Exercise prompt
From the first line to the last, set down the material exactly, leaving out its pictures.

Information supplied
━━━━━━

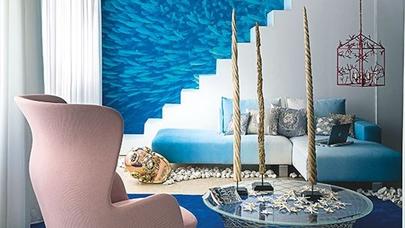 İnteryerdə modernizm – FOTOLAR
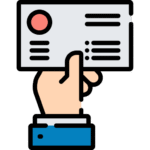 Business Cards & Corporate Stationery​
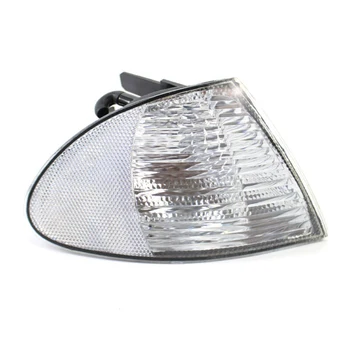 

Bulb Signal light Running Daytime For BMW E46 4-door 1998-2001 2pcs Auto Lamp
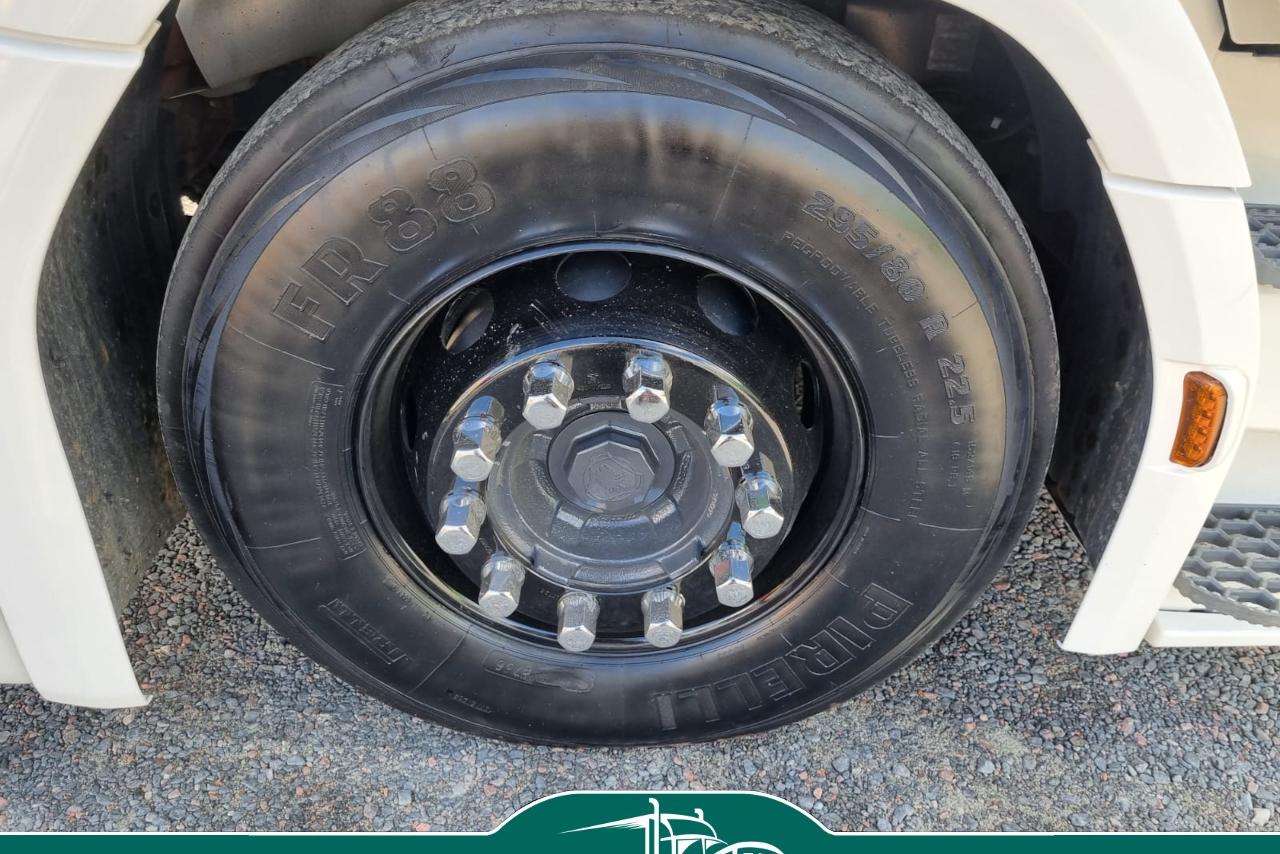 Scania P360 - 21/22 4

━━━━━━

Result
 İnteryerdə modernizm – FOTOLAR
 Business Cards & Corporate Stationery​

Bulb Signal light Running Daytime For BMW E46 4-door 1998-2001 2pcs Auto Lamp
 Scania P360 - 21/22 4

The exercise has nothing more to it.